Monday, Jan. 30, 1978

Homosexuality and the Clergy

A Presbyterian task force proposes a policy of toleration

Over 20 centuries, all branches of Christianity barred openly committed homosexuals from the clergy and from lay offices. Virtually all major U.S. churches still do. But the increasingly organized and vocal campaign by homosexuals to be treated just like everyone else poses particular problems for Christian churches. Their creed commands brotherhood and forgiveness, but it also obliges them to defend specific standards of conduct based on the Bible.

This week an official task force designated to study the problem is proposing that the 2.6 million-member United Presbyterian Church become the first denomination to adopt a policy of toleration. The gist of its findings: there is no reason in principle to deny ordination to a "self-affirming practicing homosexual Christian," even one who is "open to" or involved in "full companionship or partnership with a person of the same sex." The new proposal would make it possible for any local congregation to employ a homosexual if it wished. The church's various presbyteries (regional associations) must approve all clergy hiring, and would be free to accept homosexuals, or reject them, without any constraint from the national denomination.

The proposal is certain to produce a fire storm of argument among the not-so-United Presbyterians across the country. The final decision will rest with the church's annual General Assembly scheduled for May 16-24 in San Diego. What happens there is likely to influence the separate Southern Presbyterian church and the four U.S. Protestant churches (with 16 million members among them) that have also begun to address the question.

The task force was chaired by Rochester, N.Y., Laywoman Virginia Davidson, wife of a retired Kodak executive and mother of four. The members, selected to represent various views in the church, included an openly homosexual young alumnus of Yale Divinity School and Historical Theologian Richard Lovelace, an articulate conservative from Gordon-Conwell Theological Seminary in Massachusetts. With typical Presbyterian thoroughness, they prepared a 198-page report that examines psychological data, social currents and especially the 13 Bible passages that deal with homosexuality.

The task force reached an agreement that secular society should forbid job discrimination against homosexuals and repeal laws that regulate the private sexual behavior of consenting adults. It urges the church to work against "homophobia," the fear and loathing of homosexuals. But agreement only went so far. A conservative minority, consisting of Lovelace and two other theologians, an expert in ethics and a local pastor, filed a 19-page report. It urges the forthcoming General Assembly to interpret the church constitution as banning practicing homosexuals from the clergy and the lay offices of elder and deacon, though accepting homosexuals who remain celibate.

After considerable research, both sides concluded that most homosexuality is not the result of conscious choice and that it stems more from an unexplained complex of psychosocial forces than from heredity. The liberal side relied heavily on psychological theory, while conservatives pointed out that scientific findings are fluid and conflicting. Finally, however, both the majority and minority sides staked their case on the Bible. The two passages that drew most attention were the condemnation of homosexual relations in Leviticus 18:22 (repeated in 20:13) and St. Paul's teaching in Romans 1:18-32 that homosexual acts are sinful. Disagreement about how to interpret them was the logical outcome of two general views of the Scripture that exist in the theologically divided church.

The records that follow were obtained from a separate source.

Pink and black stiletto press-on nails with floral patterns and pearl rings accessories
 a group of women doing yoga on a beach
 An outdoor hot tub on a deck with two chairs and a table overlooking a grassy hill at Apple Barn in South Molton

Like many modern Bible scholars, the liberal majority decided that these verses merely express the opinions of the Jewish priestly writers and Paul, who were "conditioned by time and place." Consequently, their logic runs, such teachings are not direct revelation from God and modern Christians are free to change their views. If homosexuals evidence Christian virtues, "we are led to believe that God has chosen to redeem and sanctify these particular persons within the framework of their homosexual condition."

In a strong dissent, the minority report rejects the idea that "the Holy Spirit contradicts in our experience what He has clearly said in the whole fabric of Scripture." It considers the male-female distinction part of God's design to make human life coherent, concluding that homosexuals have a "distorted or insufficient belief in who they are." Even though all Christians sin in various ways, the minority felt that the church cannot afford to condone a practice that the Bible so clearly rejects: "Neither laypersons nor ministers are free to adopt a life-style of continuing, conscious, habitual and unrestricted sin in any area of their lives." Homosexual ordination, they agreed, would "set in motion both within the church and in society serious contradictions to the will of Christ."

No one knows which point of view will prevail among the 650 delegates who go to San Diego. Some conservatives are already talking about an emergency meeting this summer and the possibility of withholding money from the denomination or even of schism, if the liberal policy passes. Liberals believe the church can no longer ignore the fact of homosexuality and the anguish of those homosexuals who are Christian believers. For conservatives, including the growing Evangelical forces and many adherents of the waning neo-orthodox theology, the policy on homosexuality is crucial in ways that go far beyond the question of whether homosexuals are permitted to join the clergy. Since the Bible is so explicit, they wonder if the church will have any biblical basis for imposing any restrictions on human behavior if it votes moral acceptance of active homosexuality.